Creating a new data assets uses default datastore by default
kenza-bouzid opened this issue · 1 comments
We've encountered this issue recently:
Dataset initialization failed: UserErrorException:
Message: Failed with visit error: Failed with execution error: error in streaming from input data sources
VisitError(ExecutionError(StreamError(NotFound)))
=> Failed with execution error: error in streaming from input data sources
ExecutionError(StreamError(NotFound))
InnerException None
ErrorResponse
{
"error": {
"code": "UserError",
"message": "Failed with visit error: Failed with execution error: error in streaming from input data sources\n\tVisitError(ExecutionError(StreamError(NotFound)))\n=> Failed with execution error: error in streaming from input data sources\n\tExecutionError(StreamError(NotFound))"
}
}
This happened because the data asset was created using the workspace's default datastore. On shared workspaces like (hai4, mprr1ws), the default datastore doesn't contain our private data.
One should specify --datastore when submitting the first ever job that creates the data assets as we can not delete/edit data assets once they are created.

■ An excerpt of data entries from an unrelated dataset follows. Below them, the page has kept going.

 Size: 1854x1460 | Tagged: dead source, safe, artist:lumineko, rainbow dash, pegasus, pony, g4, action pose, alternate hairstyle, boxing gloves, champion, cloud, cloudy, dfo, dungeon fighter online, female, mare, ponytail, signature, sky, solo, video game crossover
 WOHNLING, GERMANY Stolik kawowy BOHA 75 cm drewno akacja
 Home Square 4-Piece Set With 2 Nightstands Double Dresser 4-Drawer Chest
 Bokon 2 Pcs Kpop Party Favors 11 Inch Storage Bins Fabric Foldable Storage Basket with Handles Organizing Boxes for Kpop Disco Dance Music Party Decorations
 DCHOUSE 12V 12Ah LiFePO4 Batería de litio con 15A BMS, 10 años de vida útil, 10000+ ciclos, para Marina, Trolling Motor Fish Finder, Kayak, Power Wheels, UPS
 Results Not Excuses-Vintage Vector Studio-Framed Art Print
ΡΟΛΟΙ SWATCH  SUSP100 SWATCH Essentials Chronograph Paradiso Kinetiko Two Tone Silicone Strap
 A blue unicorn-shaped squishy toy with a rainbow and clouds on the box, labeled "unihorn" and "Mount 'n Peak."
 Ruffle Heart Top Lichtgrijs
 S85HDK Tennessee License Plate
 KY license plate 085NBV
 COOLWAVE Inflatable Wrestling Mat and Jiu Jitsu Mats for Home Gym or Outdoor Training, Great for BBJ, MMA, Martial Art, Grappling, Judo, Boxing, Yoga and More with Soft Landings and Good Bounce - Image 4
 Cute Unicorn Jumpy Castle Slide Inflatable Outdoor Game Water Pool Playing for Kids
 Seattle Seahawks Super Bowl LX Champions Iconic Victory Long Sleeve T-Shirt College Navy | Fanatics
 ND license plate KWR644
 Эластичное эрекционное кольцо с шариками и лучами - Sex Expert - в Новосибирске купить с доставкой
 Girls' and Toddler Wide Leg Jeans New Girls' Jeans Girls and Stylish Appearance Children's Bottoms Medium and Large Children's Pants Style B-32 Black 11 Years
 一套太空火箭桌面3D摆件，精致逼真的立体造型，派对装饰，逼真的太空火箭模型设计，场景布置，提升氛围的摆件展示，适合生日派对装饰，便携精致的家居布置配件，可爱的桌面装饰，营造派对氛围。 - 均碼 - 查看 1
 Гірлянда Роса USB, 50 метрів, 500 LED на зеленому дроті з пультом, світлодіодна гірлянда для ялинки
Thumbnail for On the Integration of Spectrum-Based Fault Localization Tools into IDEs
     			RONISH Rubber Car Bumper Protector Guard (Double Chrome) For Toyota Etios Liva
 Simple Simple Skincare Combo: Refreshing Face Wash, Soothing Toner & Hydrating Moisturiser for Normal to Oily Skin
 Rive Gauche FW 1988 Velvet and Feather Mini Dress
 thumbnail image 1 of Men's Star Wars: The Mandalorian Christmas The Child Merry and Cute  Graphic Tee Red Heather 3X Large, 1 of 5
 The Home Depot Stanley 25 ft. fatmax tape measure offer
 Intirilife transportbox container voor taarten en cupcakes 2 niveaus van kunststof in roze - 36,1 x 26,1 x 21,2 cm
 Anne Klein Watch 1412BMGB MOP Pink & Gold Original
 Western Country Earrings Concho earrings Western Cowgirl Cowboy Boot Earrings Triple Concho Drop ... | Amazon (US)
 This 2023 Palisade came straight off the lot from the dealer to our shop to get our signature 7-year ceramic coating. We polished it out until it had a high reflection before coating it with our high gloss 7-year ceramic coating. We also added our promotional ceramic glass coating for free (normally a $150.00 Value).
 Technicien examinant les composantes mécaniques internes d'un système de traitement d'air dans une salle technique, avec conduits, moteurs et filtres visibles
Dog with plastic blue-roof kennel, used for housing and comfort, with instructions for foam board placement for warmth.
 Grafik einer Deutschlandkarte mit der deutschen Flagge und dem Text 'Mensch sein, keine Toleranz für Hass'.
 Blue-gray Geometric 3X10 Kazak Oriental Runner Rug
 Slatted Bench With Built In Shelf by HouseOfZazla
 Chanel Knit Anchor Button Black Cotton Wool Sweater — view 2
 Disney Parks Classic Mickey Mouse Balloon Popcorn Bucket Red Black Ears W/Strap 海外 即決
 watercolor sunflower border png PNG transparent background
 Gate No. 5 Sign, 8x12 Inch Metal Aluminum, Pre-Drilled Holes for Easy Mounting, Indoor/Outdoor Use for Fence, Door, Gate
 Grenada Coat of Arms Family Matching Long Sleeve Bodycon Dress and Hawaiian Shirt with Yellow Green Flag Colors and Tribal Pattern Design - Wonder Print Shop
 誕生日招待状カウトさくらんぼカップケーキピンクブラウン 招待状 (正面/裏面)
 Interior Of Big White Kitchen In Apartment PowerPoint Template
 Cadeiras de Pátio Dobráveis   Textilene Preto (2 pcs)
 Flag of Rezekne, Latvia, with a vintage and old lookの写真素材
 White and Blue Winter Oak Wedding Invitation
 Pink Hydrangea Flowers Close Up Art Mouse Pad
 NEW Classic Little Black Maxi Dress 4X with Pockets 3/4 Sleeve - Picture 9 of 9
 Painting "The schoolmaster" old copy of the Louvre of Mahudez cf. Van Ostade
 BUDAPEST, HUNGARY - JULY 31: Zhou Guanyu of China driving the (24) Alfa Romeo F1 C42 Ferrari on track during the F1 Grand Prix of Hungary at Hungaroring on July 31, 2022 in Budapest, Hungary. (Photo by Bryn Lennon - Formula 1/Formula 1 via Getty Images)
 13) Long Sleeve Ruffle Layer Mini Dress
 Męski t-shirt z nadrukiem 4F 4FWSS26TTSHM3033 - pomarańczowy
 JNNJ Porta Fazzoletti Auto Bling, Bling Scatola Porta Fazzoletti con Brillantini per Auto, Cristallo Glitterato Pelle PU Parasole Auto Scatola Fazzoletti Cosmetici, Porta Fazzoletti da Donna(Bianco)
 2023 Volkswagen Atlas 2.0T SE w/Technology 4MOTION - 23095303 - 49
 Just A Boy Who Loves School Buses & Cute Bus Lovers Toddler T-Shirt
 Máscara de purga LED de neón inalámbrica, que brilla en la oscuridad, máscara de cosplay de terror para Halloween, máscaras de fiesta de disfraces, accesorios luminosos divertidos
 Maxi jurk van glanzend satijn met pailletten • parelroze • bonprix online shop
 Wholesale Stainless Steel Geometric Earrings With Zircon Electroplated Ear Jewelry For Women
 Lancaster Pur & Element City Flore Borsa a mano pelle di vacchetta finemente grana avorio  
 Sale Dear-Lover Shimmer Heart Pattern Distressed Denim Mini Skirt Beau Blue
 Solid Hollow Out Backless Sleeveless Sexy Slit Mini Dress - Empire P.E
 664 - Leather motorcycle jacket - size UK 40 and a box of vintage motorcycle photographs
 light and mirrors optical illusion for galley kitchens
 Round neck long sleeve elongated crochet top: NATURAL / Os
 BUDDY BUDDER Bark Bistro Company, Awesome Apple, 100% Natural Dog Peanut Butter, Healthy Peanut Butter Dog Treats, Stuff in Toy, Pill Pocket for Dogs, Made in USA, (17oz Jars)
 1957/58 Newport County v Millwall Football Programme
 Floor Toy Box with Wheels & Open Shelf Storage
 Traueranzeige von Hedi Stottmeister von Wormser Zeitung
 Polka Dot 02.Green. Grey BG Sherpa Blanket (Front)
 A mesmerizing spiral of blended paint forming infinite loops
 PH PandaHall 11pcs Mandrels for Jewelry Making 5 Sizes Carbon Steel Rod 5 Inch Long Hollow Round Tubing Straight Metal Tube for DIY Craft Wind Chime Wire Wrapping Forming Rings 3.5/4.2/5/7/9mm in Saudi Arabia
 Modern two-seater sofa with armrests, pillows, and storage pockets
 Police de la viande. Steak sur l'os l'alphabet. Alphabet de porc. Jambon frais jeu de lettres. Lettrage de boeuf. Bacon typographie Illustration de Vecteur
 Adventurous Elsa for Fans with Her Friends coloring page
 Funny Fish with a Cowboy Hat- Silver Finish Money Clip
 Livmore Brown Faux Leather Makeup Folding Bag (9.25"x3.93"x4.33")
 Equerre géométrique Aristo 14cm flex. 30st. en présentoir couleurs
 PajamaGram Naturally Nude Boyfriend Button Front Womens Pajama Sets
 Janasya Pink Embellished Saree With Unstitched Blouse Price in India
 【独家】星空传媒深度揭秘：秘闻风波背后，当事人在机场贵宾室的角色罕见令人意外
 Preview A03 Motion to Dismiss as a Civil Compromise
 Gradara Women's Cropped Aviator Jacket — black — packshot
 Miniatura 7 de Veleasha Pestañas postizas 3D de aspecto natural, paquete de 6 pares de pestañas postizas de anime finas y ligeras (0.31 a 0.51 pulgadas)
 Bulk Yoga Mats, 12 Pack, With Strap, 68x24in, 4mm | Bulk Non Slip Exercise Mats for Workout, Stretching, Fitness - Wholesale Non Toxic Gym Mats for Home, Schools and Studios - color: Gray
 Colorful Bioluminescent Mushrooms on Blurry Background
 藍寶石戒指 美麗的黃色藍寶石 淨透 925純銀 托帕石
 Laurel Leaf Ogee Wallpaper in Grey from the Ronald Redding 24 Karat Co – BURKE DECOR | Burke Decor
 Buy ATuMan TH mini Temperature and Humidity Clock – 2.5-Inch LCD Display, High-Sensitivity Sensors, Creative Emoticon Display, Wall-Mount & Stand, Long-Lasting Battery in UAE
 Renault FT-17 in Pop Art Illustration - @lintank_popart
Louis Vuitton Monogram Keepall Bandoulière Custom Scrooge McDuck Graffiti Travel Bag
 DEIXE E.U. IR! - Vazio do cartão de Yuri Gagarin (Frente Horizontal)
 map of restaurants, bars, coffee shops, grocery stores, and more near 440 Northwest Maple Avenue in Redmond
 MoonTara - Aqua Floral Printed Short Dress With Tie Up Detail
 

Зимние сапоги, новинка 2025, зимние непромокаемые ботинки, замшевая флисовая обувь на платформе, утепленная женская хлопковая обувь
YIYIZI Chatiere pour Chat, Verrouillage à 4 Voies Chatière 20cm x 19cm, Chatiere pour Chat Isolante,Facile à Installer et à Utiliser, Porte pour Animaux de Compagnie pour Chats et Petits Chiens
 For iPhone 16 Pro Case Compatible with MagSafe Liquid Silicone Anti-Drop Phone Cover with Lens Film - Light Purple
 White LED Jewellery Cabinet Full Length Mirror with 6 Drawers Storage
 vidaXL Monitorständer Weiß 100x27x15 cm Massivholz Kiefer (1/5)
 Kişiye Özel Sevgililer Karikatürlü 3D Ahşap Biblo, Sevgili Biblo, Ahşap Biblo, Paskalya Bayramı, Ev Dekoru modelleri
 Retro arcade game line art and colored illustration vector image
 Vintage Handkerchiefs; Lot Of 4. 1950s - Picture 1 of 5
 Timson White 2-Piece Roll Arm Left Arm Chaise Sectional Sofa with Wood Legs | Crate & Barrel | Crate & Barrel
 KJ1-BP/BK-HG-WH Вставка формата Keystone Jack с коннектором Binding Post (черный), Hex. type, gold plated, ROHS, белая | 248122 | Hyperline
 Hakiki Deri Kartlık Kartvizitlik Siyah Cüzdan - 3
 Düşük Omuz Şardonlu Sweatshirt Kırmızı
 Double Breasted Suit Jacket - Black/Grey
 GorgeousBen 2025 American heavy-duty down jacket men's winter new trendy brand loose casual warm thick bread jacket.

Using the default workspace's datastore by default is not always desired, can we come up with another strategy for default datastores?
Possible options:
- The user has to specify a datastore for the first job: in get_or_create_data_asset only create the data asset if datastore is specified, this would force the user to be careful the first time and specify the right datastore
- Before using the default workspace's datastore: can we check that the dataset exists already? if not throw an error:
Input Dataset doesn't exist in default datastore, please specify the right datastore
?
After some more investigation here, it seems that creating new assets using the _create_v2_data_assets
in datasets.py
is creating all new assets in the default datastore, even if the datastore is specified on the command line.